Gardez-moi de Bertrand Duchaufour pour Jovoy : Maîtresse fleur


Le gardénia serait-il la nouvelle tubéreuse ? Fleur blanche, fleur verte, réinterprétable au gré des parfums puisqu’il n’en existe aucun extrait, on peut le jouer fraichement coupé et gorgé de suc tout comme on peut lui faire frôler la corruption. La note figure dans plus d’un lancement mainstream (de Jour d’Hermès à Nina l’Eau en passant par Bottega Veneta Eau légère). Elle a récemment eu la vedette dans quelques soliflores marquants. Avec Une voix noire, Serge Lutens et Christopher Sheldrake la cueillent dans la chevelure de Billie Holiday pour la tremper dans la confiture et le tabac. Carlos Huber et Rodrigo Flores Roux d’Arquiste la piquent à la Boutonnière d’un dandy, et l’éclaboussent d’une cologne aromatique.

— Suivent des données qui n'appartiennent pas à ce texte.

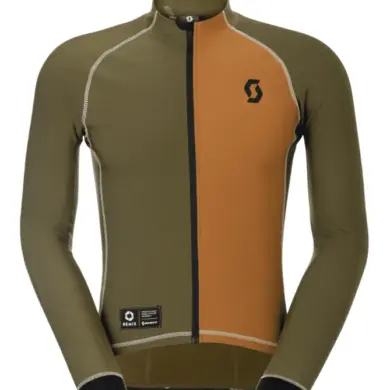 SCOTT Pro Warm LS-Remix Langarmtrikot in bread brown und fir green, Vorderansicht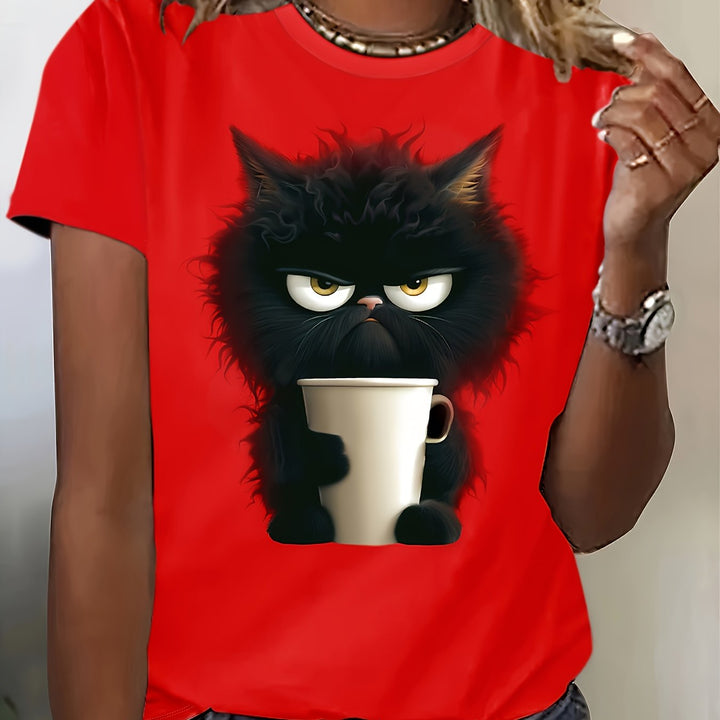 Vibrant Cat Pop Art Print Short Sleeve Crew Neck T-shirt - Soft Mid-Elasticity Polyester Knit Fabric, Regular Length, Casual Summer Top for Women - Perfect for Spring and Summer Outings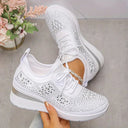 Women's Rhinestone Knit Low Top Wedge Sneakers – Lace Up Casual Everyday Trainer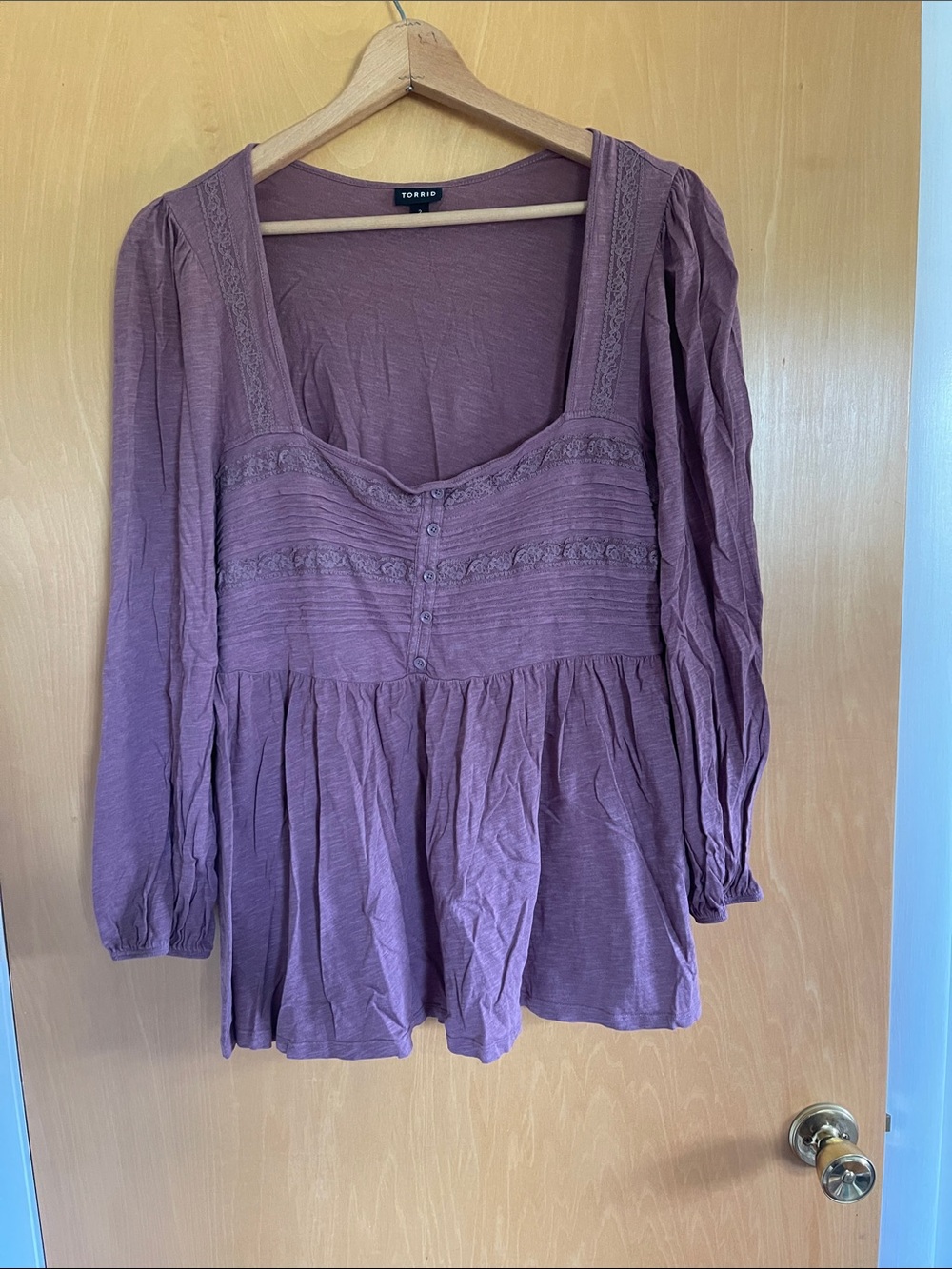 Torrid mauve babydoll pin tucked square neck top 2x
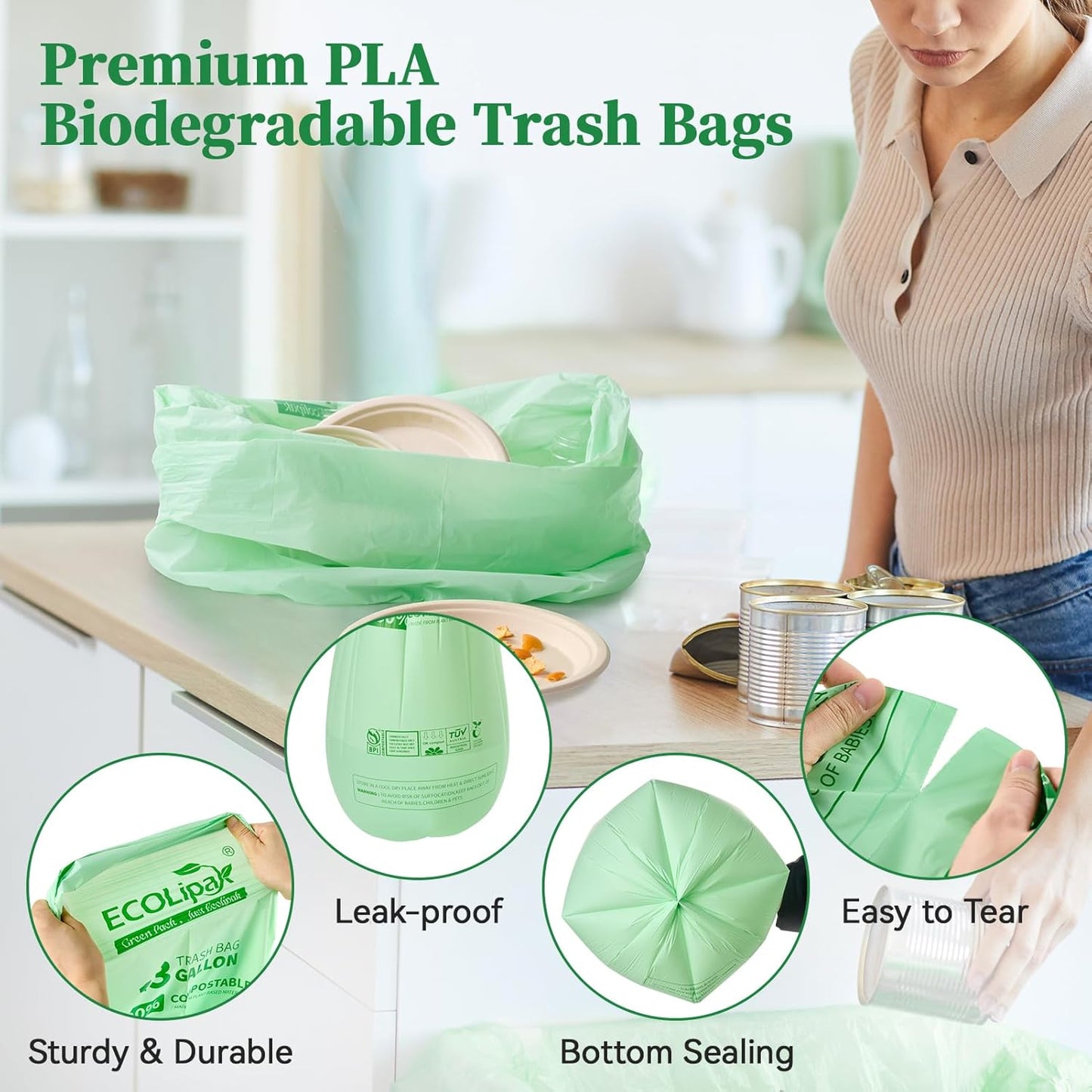 ECOLipak 13 Gallon Compostable Trash Garbage Bags, 50 Count (1 Roll) Biodegradable Heavy Duty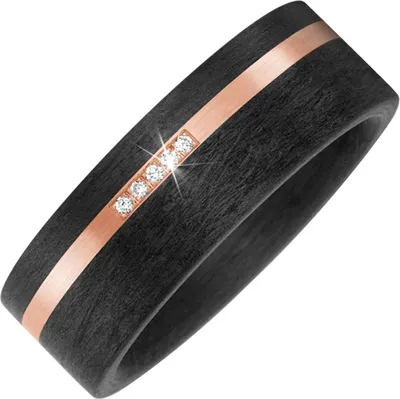 Produktbild von Gr. 56 Partner Ring Carbon mit 585 Gold Rotgold matt 5 Diamanten Brillanten Partnerring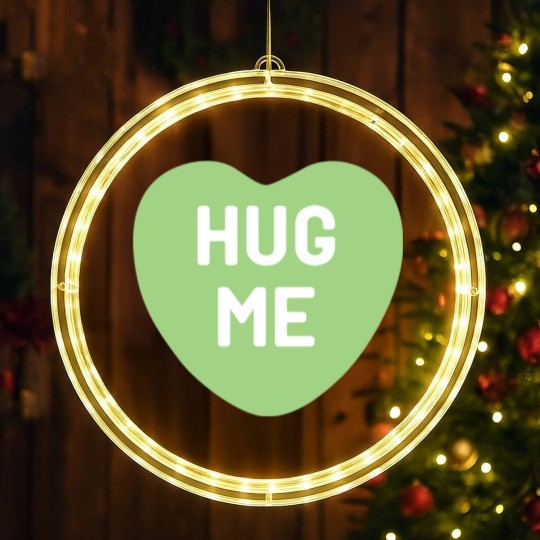 Discover Hug Me Green Candy Heart LED Christmas Window Lights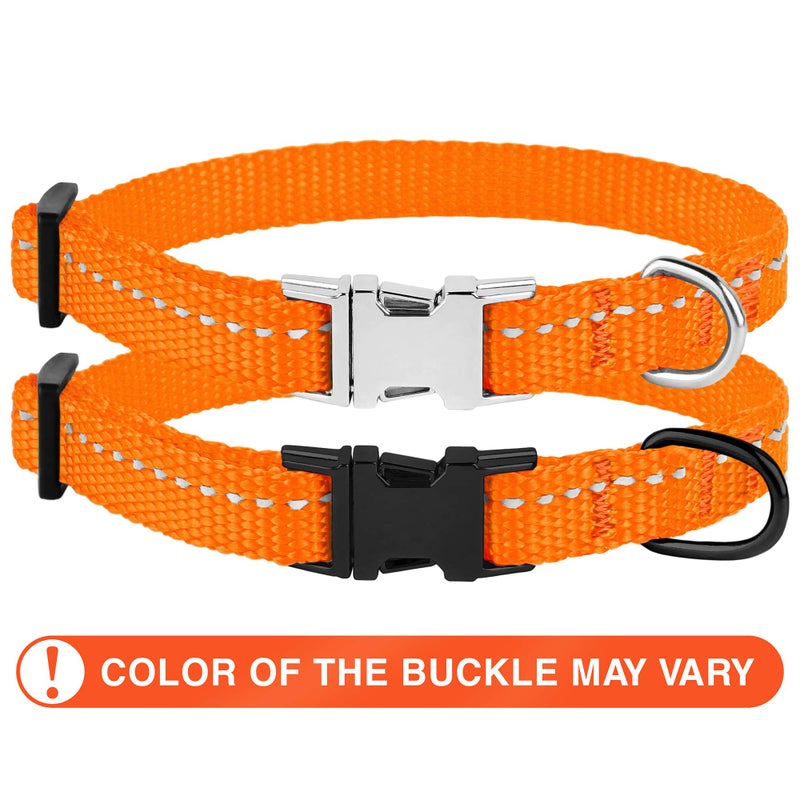CollarDirect Reflective Dog Collar for a Small, Medium, Large Dog or Puppy with a Quick Release Buckle - Boy and Girl - Nylon Suitable for Swimming (7-11 Inch, Orange) - Image 2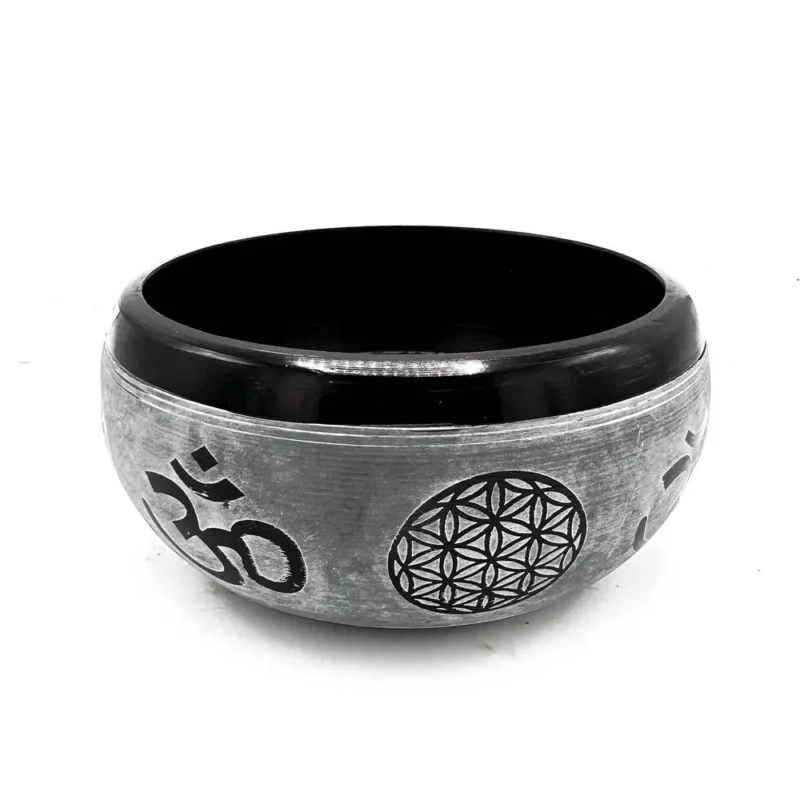 Earth Powder Tibetansk skål - Om Five Buddha - 16cm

Pour Gardez-moi, François Hénin de Jovoy a demandé à Bertrand Duchaufour une vamp florale en guise d’hommage à un parfum du même nom lancé en 1926. Lequel Duchaufour s’est exécuté avec une composition aldéhydée très fleur sculptée dans le savon blanc au réglage rétro maximal – c’est-à-dire, puisque c’est tout de même Duchaufour, que ça vire très vite à la modernité. Le gardénia domine ce bouquet, tendance dominatrice des beaux quartiers plutôt que corolle meurtrie. L’effet mousseron de la fleur lorsqu’elle se flétrit reste discret (on n’est pas dans l’hystérie du regretté Velvet Gardenia de Tom Ford). C’est le côté vert-fruité-aqueux qui ressort – une goutte de jus de melon, une lichette de banane pas mûre, et un « bouquet framboise » revendiqué dans le dossier de presse.

D’après le charmant monsieur Hénin, le gardénia était une fleur qu’on offrait à sa maîtresse dans les Années Folles. C’est pourtant une indiscrète, capable de tatouer un homme de la tête aux pieds. À ce titre, Gardez-moi remplit son programme – ou sa menace ? Sa fleur colle à la peau et affiche son sillage comme une irrégulière qui refuserait la rupture. D’où l’illustration ci-dessus : l’aristocrate secrètement sentimentale jouée (Mila Parely) s’accrochant à Marcel Dalio, pusillanime marquis de la Chesnaye, dans La Règle du jeu de Jean Renoir. Parce que tous les prétextes sont bons pour évoquer Renoir. Mais aussi parce que la féline Parely évoque le chat noir du flacon créé par Baccarat pour le premier Gardez-moi (ordre intimé par plus d’un chat, entretenu comme une maîtresse…). Après tout, le gardénia a bien inspiré un parfum appelé Ma Griffe... Même les fleurs sans épines peuvent faire saigner.



4 commentaires:

  1. La bouteille chat - je la veux!! Le parfum Jovoy, faut sentir. Mais j'ai déjà acheté Les Jeux Sonts Faits et je contemple Private Label... Les nouveaux parfums Jovoy sont bien meilleurs que ceux que j'ai senti il y a quelques années. J'ai hâte de visiter la boutique parisienne.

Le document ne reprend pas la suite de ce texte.